Victoria Hart (born 1988), commonly known as Vi Hart (), is an American mathematician and YouTuber. They describe themself as a "recreational mathemusician" and are well-known for creating mathematical videos on YouTube  and popularizing mathematics. Hart founded the virtual reality research group eleVR and has co-authored several research papers on computational geometry and the mathematics of paper folding.

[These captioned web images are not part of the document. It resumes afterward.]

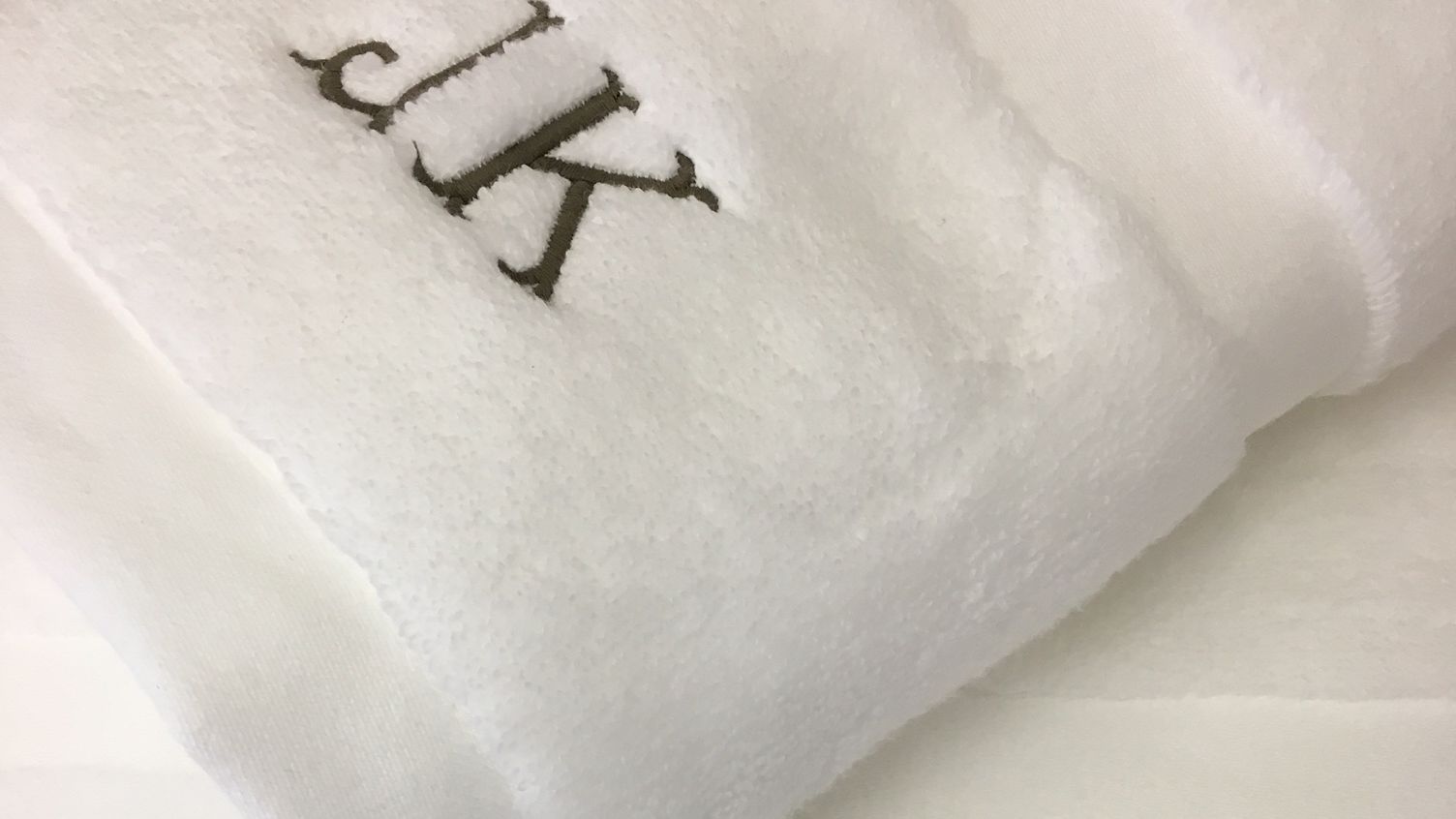 Image may contain: Bath Towel, Towel, and Text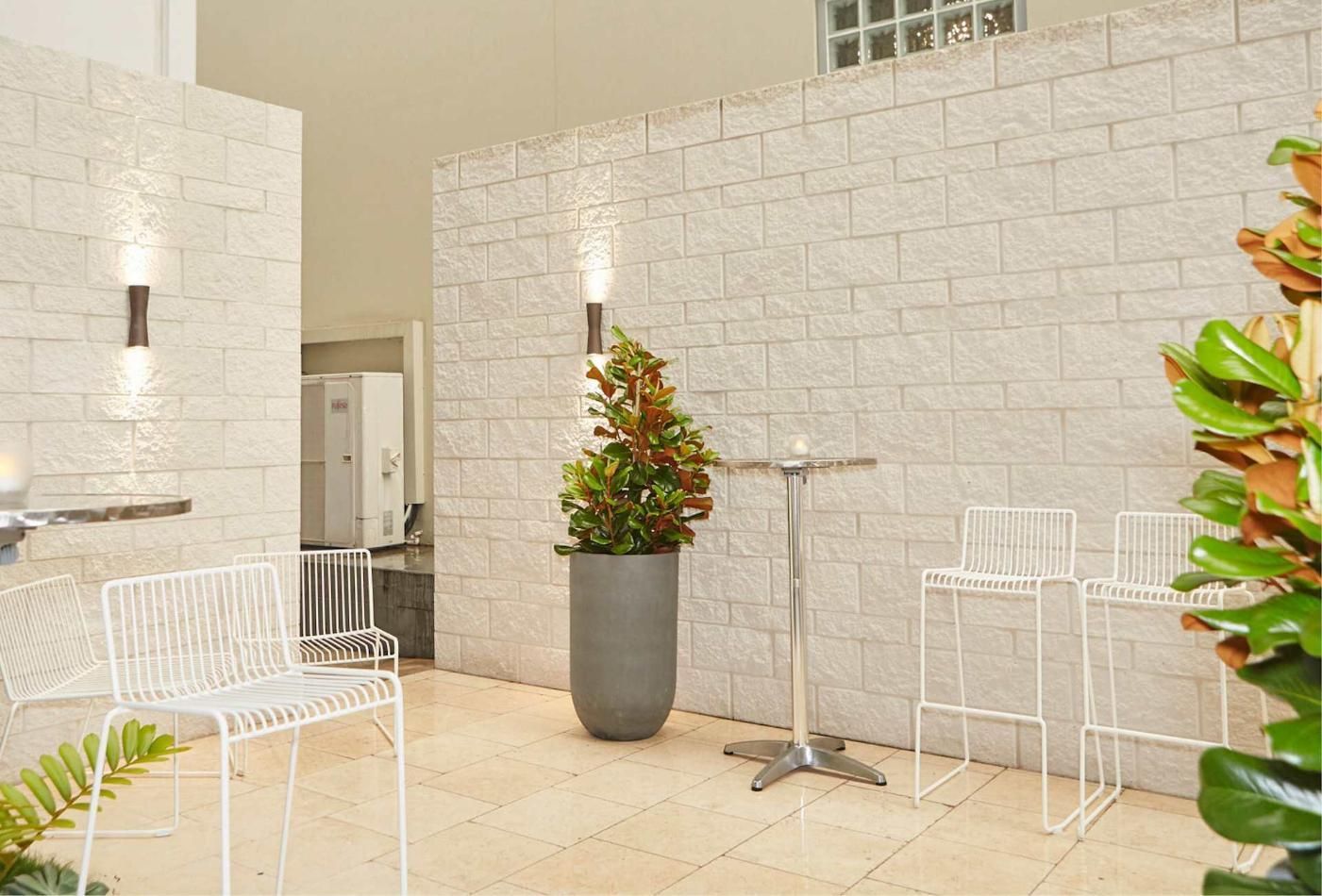 A Patio With Chairs, A Table And A Potted Plant — Southern Bricks & Pavers In Ulladulla, NSW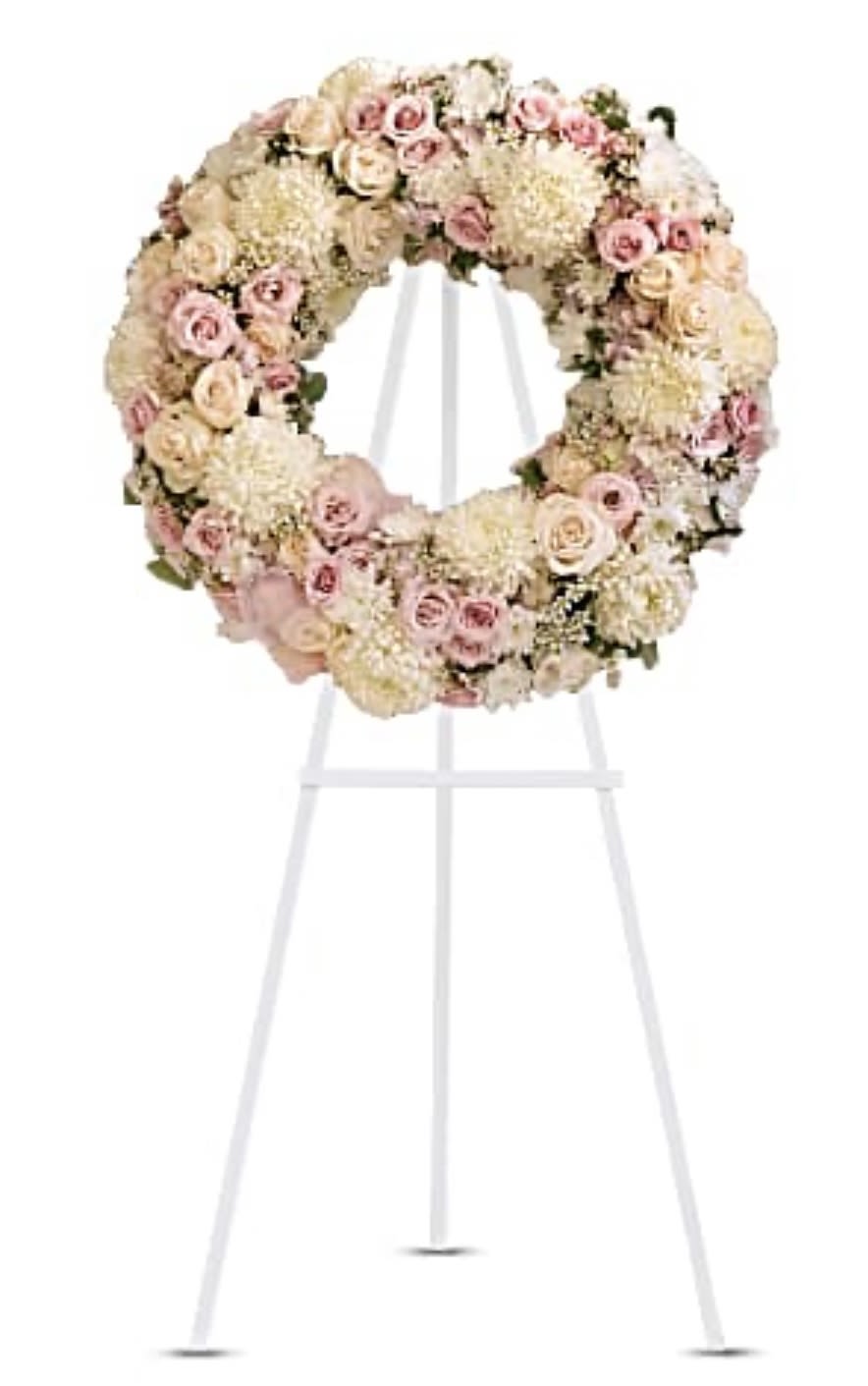 Pastel floral wreath on a white stand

Together with another YouTube mathematics popularizer, Matt Parker, Hart won the 2018 Communications Award of the Joint Policy Board for Mathematics for "entertaining, thought-provoking mathematics and music videos on YouTube that explain mathematical concepts through doodles".

Early life and education
Hart is the child of mathematical sculptor George W. Hart, and received a degree in music at Stony Brook University. Hart identifies as "gender agnostic"; in a video released in 2015, they spoke about their lack of gender identity—including lacking non-binary identities such as agender—and their attitude to gendered terms such as pronouns as a "linguistic game" that they were not interested in playing. They indicated that they have no preference and do not care which pronouns they are called by.

Career 
Hart's career as a mathematics popularizer began in 2010 with a video series about "doodling in math class". After these recreational mathematics videos — which introduced topics like fractal dimensions — grew popular, they were featured in The New York Times and on National Public Radio, eventually gaining the support of the Khan Academy and making videos for the educational site as their "Resident Mathemusician". Many of Hart's videos combined mathematics and music, such as "Twelve tones", which was called "deliriously and delightfully profound" by Salon.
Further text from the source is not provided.